• **Your task**: In the entries below, find the line containing "230V 17 SEER2". Write out that line and all lines after it, exactly, and nothing else.

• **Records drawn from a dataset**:
******************************
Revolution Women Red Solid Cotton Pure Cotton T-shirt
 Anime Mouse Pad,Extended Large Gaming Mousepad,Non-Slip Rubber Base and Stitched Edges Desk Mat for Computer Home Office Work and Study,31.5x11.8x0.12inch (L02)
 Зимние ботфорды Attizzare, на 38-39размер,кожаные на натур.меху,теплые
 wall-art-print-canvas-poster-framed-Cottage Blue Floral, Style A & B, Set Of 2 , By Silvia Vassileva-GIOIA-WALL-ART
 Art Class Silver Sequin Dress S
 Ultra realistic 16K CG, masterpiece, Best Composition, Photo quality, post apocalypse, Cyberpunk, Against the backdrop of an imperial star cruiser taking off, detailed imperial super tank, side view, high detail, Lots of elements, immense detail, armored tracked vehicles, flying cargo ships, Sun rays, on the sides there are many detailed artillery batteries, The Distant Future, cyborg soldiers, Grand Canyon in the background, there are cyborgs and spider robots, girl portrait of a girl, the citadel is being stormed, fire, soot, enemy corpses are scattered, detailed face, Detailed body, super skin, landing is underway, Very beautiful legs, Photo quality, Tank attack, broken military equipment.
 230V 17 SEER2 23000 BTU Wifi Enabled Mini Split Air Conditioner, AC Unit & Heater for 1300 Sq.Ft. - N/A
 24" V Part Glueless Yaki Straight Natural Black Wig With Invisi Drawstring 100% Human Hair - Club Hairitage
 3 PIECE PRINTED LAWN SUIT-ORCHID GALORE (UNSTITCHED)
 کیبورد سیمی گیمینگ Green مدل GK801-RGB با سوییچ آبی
******************************
• **Your response**:
 230V 17 SEER2 23000 BTU Wifi Enabled Mini Split Air Conditioner, AC Unit & Heater for 1300 Sq.Ft. - N/A
 24" V Part Glueless Yaki Straight Natural Black Wig With Invisi Drawstring 100% Human Hair - Club Hairitage
 3 PIECE PRINTED LAWN SUIT-ORCHID GALORE (UNSTITCHED)
 کیبورد سیمی گیمینگ Green مدل GK801-RGB با سوییچ آبی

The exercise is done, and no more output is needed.